Only Connect: Angela Lam on Tara Masih’s Where the Dog Star Never Glows

Where the Dog Star Never Glows, Tara L. Masih, Press 53, 2010

Tara L. Masih, an accomplished flash fiction writer whose work has garnered honors from the Massachusetts Cultural Council and nominations for the Pushcart Prize, Best New American Voices, and Best of the Web, debuts with Where the Dog Star Never Glows, a collection of short stories that includes both poetic distillations and exotic locals that focus on the intimacy or the lack of intimacy in the characters’ lives.

In “The Guide, the Tourist, and the Animal Doctor,” Therese supplements her income as a tour guide in the East Caribbean through selling coconut pops to support her family after her husband abandons her for another woman. One of Therese’s clients asks for help for a tourist friend with an injured cat. Therese promises to offer assistance. She visits Irvin, the animal doctor, who loves Therese although he suspects “she might never believe that there was no one else but her that Irvin wanted, that she would always search the shadows for betrayal.” Irvin agrees to help the tourist, but his motives originate from his love for Therese although he has very little hope of breaking through Therese’s resistance. Masih’s skillful use of metaphor, imagery, and language enriches the narrative. Masih’s ability to always write from the depths of her character allows complete immersion in the experience of the tale. For example, when Masih describes Irvin’s struggle to connect more meaningfully with Therese, she writes, “Irvin always tried to lift their casual relationship to another level in the way he would lift the dead weight of an unconscious animal.”
Masih continues to explore the theme of intimacy in the story, “Ghost Dance.” Brandy, a divorced man, moves to a mining town that has been restored to a tourist attraction in Montana hoping to start over and rebuild his life. Brandy is closed off out of fear and the need for protection, although “what he was really scared of was himself.” Others in town pull him back into their world for a while, but Brandy always remains separate, especially once he starts hearing a ghost. The “silk against silk” sound he hears is the ghost of a school teacher who lies on a bed sobbing. Brandy reaches out to comfort her, but she disappears. The ephemeral connection between man and ghost parallels the transitory connection all humans experience. The intimacy between the ghost and Brandy is “as close as two different centuries could get without destroying the other’s illusion.” Masih knows the mystery of love relies as much on what is imagined about the beloved as what is real.

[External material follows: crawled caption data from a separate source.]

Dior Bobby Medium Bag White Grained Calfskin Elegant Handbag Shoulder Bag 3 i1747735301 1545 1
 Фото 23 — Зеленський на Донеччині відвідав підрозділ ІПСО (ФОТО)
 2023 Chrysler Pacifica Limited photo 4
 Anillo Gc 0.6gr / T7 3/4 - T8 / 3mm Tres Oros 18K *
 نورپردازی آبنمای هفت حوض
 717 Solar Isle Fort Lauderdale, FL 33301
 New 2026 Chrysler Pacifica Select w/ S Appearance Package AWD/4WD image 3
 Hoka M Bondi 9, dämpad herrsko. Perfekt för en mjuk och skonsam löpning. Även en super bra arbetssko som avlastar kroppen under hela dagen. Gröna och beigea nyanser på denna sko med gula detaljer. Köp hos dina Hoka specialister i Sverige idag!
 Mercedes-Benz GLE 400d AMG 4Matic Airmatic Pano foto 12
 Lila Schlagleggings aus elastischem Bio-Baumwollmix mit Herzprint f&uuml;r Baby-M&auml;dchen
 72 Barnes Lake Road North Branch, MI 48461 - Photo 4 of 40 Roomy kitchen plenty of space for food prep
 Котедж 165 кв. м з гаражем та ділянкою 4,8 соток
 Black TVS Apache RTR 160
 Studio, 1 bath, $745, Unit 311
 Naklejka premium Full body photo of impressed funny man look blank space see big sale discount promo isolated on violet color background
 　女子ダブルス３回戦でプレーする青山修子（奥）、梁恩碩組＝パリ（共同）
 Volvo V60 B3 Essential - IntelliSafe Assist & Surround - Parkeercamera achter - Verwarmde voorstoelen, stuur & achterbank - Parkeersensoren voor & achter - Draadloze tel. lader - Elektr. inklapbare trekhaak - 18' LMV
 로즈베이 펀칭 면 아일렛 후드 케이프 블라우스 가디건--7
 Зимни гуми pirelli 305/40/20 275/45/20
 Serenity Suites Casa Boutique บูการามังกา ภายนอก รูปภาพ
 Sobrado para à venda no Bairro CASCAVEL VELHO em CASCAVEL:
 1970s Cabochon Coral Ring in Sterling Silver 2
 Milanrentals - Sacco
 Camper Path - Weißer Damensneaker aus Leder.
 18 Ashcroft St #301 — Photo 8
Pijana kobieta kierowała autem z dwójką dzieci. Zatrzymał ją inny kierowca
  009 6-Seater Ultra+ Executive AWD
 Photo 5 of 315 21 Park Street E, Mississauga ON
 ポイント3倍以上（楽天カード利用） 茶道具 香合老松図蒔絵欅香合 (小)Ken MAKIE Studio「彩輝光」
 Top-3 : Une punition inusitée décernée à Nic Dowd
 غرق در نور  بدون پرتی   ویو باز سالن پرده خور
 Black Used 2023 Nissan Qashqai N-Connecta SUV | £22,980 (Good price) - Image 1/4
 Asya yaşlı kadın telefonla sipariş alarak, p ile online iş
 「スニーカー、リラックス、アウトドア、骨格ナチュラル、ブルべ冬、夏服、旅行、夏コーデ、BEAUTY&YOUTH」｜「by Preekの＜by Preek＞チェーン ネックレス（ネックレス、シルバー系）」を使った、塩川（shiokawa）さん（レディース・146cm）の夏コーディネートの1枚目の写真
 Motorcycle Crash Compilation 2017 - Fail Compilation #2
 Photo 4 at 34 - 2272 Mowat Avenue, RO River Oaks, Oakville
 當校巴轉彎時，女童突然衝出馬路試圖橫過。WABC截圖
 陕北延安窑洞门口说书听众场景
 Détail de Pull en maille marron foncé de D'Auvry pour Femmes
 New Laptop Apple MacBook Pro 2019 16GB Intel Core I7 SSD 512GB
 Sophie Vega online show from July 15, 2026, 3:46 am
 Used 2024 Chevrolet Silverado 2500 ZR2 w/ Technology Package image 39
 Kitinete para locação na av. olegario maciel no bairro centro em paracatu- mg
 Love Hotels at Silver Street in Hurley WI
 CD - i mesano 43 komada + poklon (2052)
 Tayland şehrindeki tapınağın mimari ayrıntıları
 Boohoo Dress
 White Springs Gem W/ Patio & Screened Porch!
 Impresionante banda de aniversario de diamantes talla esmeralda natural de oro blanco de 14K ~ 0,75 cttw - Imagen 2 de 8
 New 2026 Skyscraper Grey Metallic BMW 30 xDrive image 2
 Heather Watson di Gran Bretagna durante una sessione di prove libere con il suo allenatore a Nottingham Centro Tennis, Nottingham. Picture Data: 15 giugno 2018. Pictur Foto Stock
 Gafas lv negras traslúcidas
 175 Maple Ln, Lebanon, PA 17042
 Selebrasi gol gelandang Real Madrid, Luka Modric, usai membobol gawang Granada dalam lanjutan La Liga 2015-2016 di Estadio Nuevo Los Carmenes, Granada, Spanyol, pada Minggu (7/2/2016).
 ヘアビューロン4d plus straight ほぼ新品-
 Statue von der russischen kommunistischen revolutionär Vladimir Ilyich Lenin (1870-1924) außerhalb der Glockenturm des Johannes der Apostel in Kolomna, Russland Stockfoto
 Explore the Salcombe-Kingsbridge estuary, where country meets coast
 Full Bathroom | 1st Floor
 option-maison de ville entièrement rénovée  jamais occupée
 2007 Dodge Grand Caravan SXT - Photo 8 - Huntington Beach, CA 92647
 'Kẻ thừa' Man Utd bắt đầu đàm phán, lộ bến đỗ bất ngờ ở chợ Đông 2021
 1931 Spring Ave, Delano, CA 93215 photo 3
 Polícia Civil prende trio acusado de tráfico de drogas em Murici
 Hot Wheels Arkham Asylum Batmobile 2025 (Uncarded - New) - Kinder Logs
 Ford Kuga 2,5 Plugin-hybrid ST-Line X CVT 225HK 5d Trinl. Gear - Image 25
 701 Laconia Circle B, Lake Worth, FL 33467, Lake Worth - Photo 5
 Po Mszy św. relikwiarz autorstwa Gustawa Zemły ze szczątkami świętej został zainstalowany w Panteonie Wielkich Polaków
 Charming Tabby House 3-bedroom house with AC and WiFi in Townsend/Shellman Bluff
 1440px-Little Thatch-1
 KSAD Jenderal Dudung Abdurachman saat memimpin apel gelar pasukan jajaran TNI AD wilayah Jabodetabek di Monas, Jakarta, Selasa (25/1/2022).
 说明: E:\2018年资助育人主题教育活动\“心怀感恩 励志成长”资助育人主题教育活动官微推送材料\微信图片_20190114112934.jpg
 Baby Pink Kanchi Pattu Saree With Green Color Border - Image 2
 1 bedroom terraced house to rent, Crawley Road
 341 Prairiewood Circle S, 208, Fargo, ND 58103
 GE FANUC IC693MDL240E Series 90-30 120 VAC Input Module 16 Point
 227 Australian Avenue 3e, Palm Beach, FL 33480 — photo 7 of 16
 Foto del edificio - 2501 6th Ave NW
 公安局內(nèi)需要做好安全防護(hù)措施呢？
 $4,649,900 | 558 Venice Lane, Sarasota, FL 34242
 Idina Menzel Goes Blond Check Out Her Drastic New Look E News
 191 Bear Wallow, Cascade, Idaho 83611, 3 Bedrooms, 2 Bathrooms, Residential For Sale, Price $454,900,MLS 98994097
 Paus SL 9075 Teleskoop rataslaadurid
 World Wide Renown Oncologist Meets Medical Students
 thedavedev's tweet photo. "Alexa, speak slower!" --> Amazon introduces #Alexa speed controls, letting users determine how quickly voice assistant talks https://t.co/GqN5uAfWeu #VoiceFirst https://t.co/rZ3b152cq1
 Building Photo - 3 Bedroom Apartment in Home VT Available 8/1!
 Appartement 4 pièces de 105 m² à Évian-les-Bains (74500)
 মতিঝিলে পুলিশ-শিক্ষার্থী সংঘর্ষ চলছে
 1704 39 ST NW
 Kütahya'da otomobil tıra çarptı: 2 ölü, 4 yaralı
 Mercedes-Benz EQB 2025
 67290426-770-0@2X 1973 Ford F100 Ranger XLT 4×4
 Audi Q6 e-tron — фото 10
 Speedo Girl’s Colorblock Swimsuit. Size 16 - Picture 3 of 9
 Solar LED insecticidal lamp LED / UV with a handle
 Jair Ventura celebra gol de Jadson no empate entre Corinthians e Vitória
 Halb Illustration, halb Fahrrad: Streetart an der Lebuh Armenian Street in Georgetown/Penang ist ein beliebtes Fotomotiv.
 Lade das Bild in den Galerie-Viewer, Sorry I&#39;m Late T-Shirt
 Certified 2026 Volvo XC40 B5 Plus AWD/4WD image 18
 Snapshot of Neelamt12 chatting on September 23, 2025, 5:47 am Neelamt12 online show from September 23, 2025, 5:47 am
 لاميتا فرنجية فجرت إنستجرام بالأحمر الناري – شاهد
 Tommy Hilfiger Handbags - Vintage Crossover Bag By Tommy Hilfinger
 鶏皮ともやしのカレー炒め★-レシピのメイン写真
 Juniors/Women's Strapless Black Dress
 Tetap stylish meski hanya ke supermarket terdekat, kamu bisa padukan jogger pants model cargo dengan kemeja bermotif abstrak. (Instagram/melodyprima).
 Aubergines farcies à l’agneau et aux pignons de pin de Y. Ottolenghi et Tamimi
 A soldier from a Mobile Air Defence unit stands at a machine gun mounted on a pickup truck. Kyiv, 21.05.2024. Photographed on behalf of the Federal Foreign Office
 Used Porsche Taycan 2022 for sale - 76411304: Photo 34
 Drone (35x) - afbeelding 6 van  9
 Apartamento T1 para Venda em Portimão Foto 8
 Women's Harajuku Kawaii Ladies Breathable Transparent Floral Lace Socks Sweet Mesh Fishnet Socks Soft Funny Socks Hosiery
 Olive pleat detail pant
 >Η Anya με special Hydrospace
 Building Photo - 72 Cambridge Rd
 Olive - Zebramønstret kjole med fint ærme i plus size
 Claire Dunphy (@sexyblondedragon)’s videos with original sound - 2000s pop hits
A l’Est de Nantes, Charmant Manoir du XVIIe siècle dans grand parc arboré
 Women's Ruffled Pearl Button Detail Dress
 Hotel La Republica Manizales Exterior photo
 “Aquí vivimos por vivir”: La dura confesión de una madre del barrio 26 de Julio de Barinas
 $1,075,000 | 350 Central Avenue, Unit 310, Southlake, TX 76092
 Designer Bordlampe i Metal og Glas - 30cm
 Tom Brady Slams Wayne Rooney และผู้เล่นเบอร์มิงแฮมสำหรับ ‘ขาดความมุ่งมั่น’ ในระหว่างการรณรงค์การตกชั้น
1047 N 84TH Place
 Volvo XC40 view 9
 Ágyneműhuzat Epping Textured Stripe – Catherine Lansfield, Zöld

In “Say Bridgette, Please,” a young woman fails to connect with a man through sex. Mourning the death of her father and the boredom of summer, Bridgette seduces a man through her need to belong, to transcend her experience of living “right side up in an upside-down world.” But sex fails to deliver the sense of belonging she craves. The man’s scent lingers on her skin, and she plucks “a few flowers from the vine near her head to lay them on her chest to cover the scent.” The healing power of nature restores her sense of self, and she is able to write her name in the packed earth, both claiming her sense of belonging to the world and differentiating herself as an individual of value.
Some of the stories continue with the theme of connecting through nature. In “Suspended,” a woman survives an automobile accident with the help of a tree “who loves her too much to drop her.” When the woman is finally rescued a week later, “she still cries in grief when they (the rescuers) have to chainsaw through a heavy limb to release her.” The woman’s relationship with the tree reflects the biblical notion of the greatest love of all, which is to lay down one’s life for a friend. The tree allows itself to be sacrificed for the woman’s sake.
Other stories feature the hope for continual human connection, such as in “Huldi,” a story describing a young bride’s marriage preparations in India. The transformation from single to married, moving from one family to the creation of another through the loving bonds of sensual connection is best summed up by the narrator who “closes her eyes, imagines that Mama’s hands are his (her future husband’s).” In “Delight,” a disfigured young woman working in a candy shop in Puerto Rico discovers the tenderness of unconditional love in a visiting surfer who promises to come back for her.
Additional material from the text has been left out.